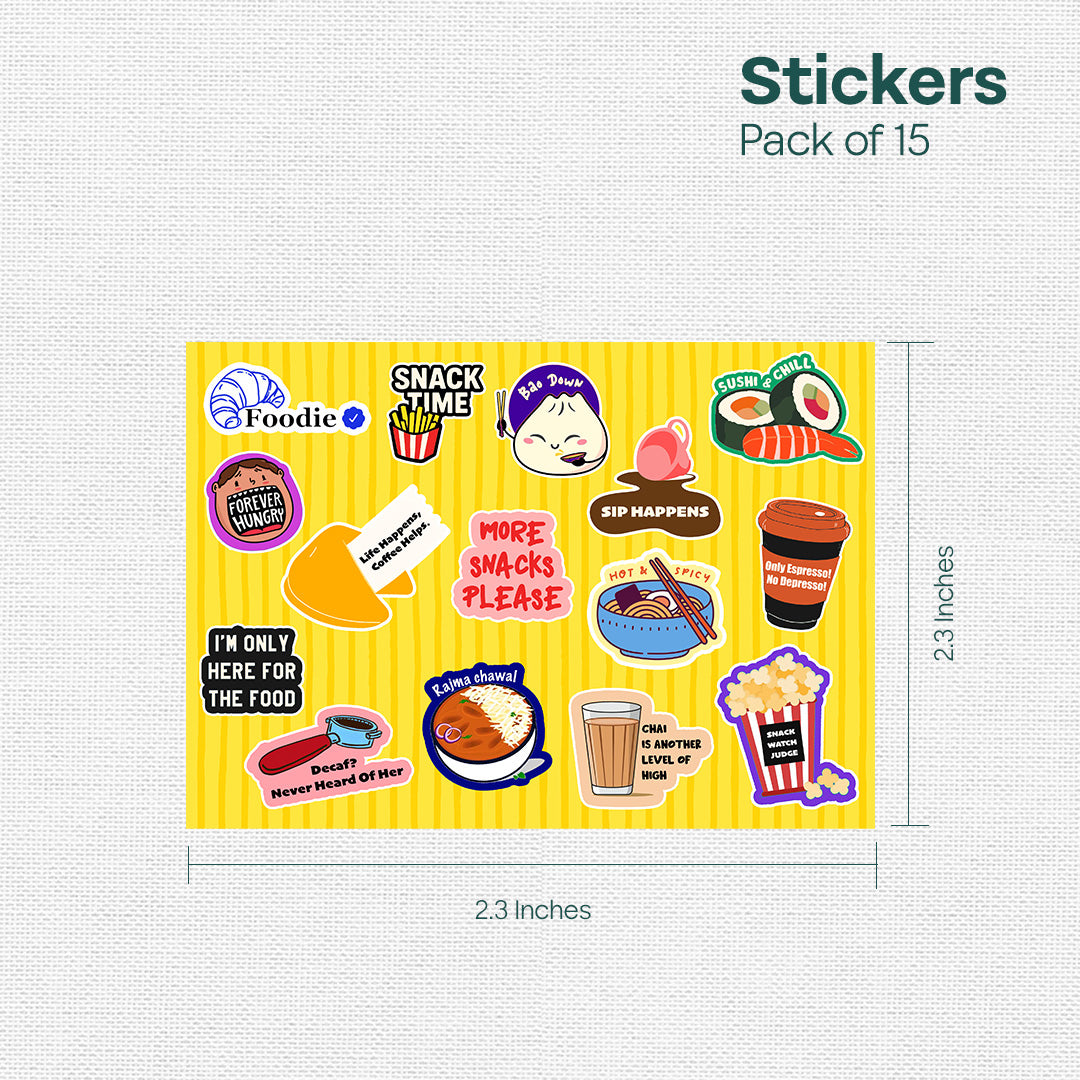 Food Coma! Premium Matt Stickers, Pack of 15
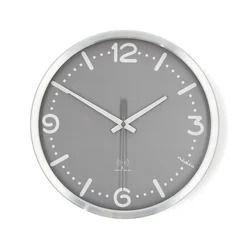 Nedis CLWA7226SS - Zidni sat prečnika 30,5 cm 1xAA mat hrom/siva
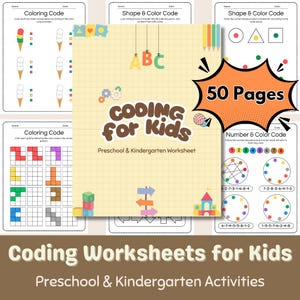 Coding Worksheets for Kids | Preschool, Kindergarten Activities (50 Pages Printable PDF)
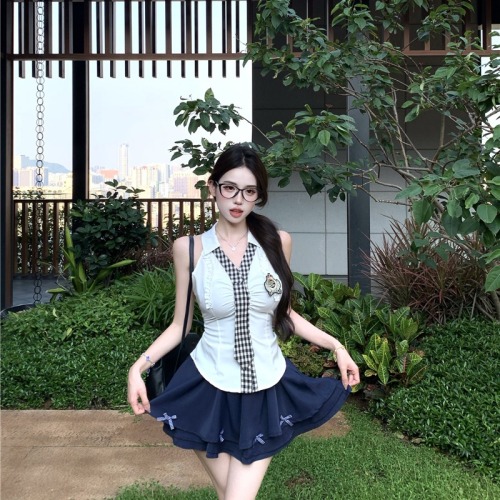 Actual photos~ Summer college style spicy girl style clothing sleeveless top sweet slimming A-line skirt two-piece set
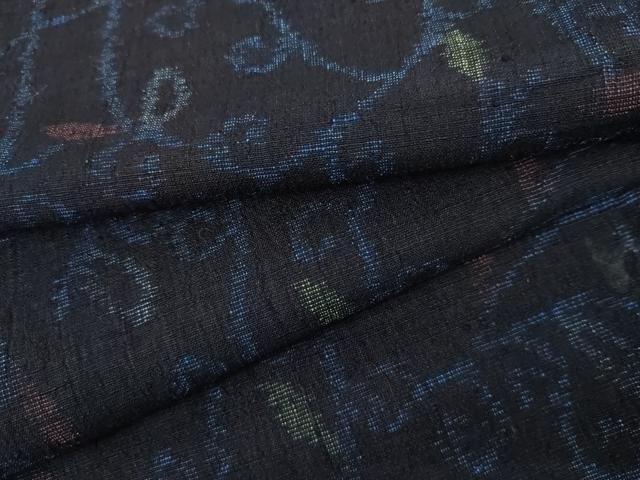 平和屋着物▽上質な紬 単衣 枝葉文 正絹 逸品 AABI8081cs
━━━━━━━━
Please repeat, exactly as written, the lines in the records above, starting with the one that has "Nedis CLWA7226SS - Zidni" and going on through the one that has "Coding Worksheets for". Pictures are to be left out.

 Nedis CLWA7226SS - Zidni sat prečnika 30,5 cm 1xAA mat hrom/siva
 Coding Worksheets for Kids | Preschool, Kindergarten Activities (50 Pages Printable PDF)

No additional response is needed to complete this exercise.